Lately I’ve seen more and more bloggers posting their Bucket List, that optimistic tally of all the things to do and stuff to see before they buy the proverbial farm. It’s a charming idea and a valuable exercise that I think everyone should definitely contemplate. But lately, given my own situation, I can’t help thinking there’s a much more important one to be making, a list whose importance vastly outweighs the Bucket version and has the potential to pay much higher existential dividends, i.e. make us happier. And so far, my list isn’t long enough.
I’ve probably visited Sacré Cœur in person around twenty times by now. And I’ve certainly seen its image everywhere; not just in photos and film but as T-shirts, pewter jewelry, oven mitts, pencil sharpeners, and anything else they can sell to normally sensible people whose judgment is temporarily hindered by the magic that is Montmartre.
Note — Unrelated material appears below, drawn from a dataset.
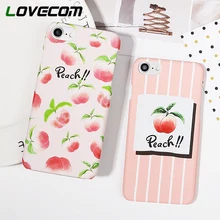 LOVECOM милый розовый персиковый фруктовый чехол для телефона для iPhone X, 6, 6 S, 7, 8 Plus, 5S, 5, SE, полуобернутый жесткий чехол из поликарбоната, чехол для iPhone X, подарок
The church is one of the true symbols of Paris, having been seen from every vantage point and contemplated from all angles. But the best view I’ve ever had of it was far removed from an idealized postcard or sexy magazine spread. Mine was seen through dirt and dust, through scratches and streaks of rain. It was obstructed by wires, bland apartment complexes, and graffiti-draped industrial buildings. It lasted ten seconds at best, and it wasn’t even worth snapping a photo. But it was the best damn view of Sacré Cœur I’ve ever seen.
That first day of entering Paris as a local resident was an exciting one. The same trip I had made as a tourist from the outskirts into the city center was now so much more–now this was my commute, this was my gateway into one of the most beautiful places on Earth. And holy cow, I could now make this trip whenever I wanted. How lucky could a person get?
I happened to be sitting on the right-hand side against a large dingy window as the train pulled me and my new neighbors toward the tunnel into town. To my surprise and delight, just before plunging into darkness the distant basilica started peeking intermittently between foreground structures, climbing further and further into the sky with its regal stark-white exterior popping against a gray sky. It was la cerise sur le gâteau as the French would say–the cherry on the cake–and a perfect exclamation point to finish my first ride into Paris as a Parisian.
But that was many months ago. It was many crummy days of work ago. It was many depressing moments of being-an-outsider-who-can’t-speak-the-language ago. Over time I stopped remembering to sit on that side of the train. I stopped looking up just before the tunnel to see the church. Like we all do, I started floating mindlessly through my commute on autopilot, somehow convinced that instead of appreciating a view of the world-famous Sacré Cœur it was more important to silently rehearse an uncomfortable conversation with my boss that was never even going happen. Rather than meditating on the good fortune around me I chose to ponder the money I didn’t have, the hurdles of getting a visa renewed, or a conversation where I mistakenly called someone tu instead of vous. The magic of that first day had slipped away, crumpled up under my seat like a copy of yesterday’s newspaper. This bothers me.
So instead of a Bucket List of all the amazing and wonderful stuff I want to experience before I die, I prefer a list of the amazing and wonderful stuff I already have and don’t appreciate enough. I prefer to push back indifference and remain an excited and hopeful newcomer for as long as I can, not just as a Parisian but as a human being. I prefer to NOT agree with my French inlaws when they say this country mansion is rather boring compared to the others:
I want to give the extraordinary events in my life the thanks they deserve. I want those hypothetical moments on my death bed to be filled with the creativity of falling back in love with the familiar, not the regret of unchecked items on some “what-ifs” roster. The truth is we all have views of Sacré Cœur everywhere around us; we’re all surrounded by wonderful people, places and personal accomplishments that would remind us of how special and wondrous our lives are if we could just turn off the autopilot once in a while.
There are things sitting right now on someone else’s Bucket List that you’ve had in your lap for ages–you’ve just forgotten to sit on the right-hand side of your train, next to the dingy window, thinking to yourself “How lucky could a person get?”